Monday, September 14, 2009

Each Moment Matters



Today I had one of those awkward moments that most of will partake in at sometime in our lives of riding with a complete stranger in the elevator. This is happens quite often in my job since 1) I am a missionary and part of my job is meeting complete strangers (however I only have one degree of separation with all people due to my good friend Jesus)2) My office is at the top of a five story office building.

The conversation wasn't long and it wasn't really about anything of importance. I try to open it up by talking about how it is easy to forget the beautiful sunshine outside when we spend all day in the office building. The man concurred but instantly turned to reality that winter was not far away. I told him that I was moving out here from much closer places and I wasn't too worried "Beep" We had gone two floors and both parted to go our separate ways.

But being the kind of person that I am, I started to think about this encounter a little bit more and the situation that we find ourselves in each day. I got thinking about this man and his situation of not even thinking about enjoying the outdoors while the sun was shinning bright and it isn't too cold outside, but the fact that winter is almost here when fall has not quite started to bring sick feeling to my stomach like Christmas decoration in stories before Halloween has even commenced.

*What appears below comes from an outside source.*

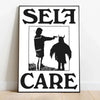 Schwarz-weißes Vintage-Zitat-Kunstdruck mit dem Schriftzug SELF CARE in abgenutzter Schrift.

Lets step back in Philosophical history to a man by the name of Henri Heidegger. Heideggar was an existentialist and one of his primary principles was what he called authenticity and authenticity is the understanding of the experience of something in its present moment but seeing it as it is ordered toward death. That is a mouth full! Think about it this way. We come to know something, say moment, a ray of sunshine coming in from above the dances through the leaves of the trees and sprinkles down upon the locks of your hair and your fell the heat and your experience the sunshine, but don't just experience this, but understand that the experience will pass away to coldness and death! Now I am not proposing that this man in the elevator understood this philosophical principle or anything to do with Henri Heide-who?, but he has been effected by the the progressive thought of our culture and seemed to walk away without even an openess to taste the beauty of the sunshine this day.

Now, Heidegger may be dancing with some truths, but he not putting forth a true Christian view. The Christian view of experience is much more human. It is not something that just stays in our minds and hasn't be effected by the past and won't effect the future. In fact in every moment we are able to reach the heights of experience, to transcend the material into the immaterial through our thoughts and ideas, and maybe even a conversation with the highest of immaterial beings, God! Now let me take a step back, what do I mean by material, I mean things that you can sense through taste, hearing, smell, touch, and see! But we can't see our thought, we can't see our ideas, but we have these immaterial thoughts all the time. And it is proof that they are immaterial because the more we learn, our heads don't get bigger, but it seems there is a spiritual element to knowledge, meaning that it is can't be measured by pure matter or material things.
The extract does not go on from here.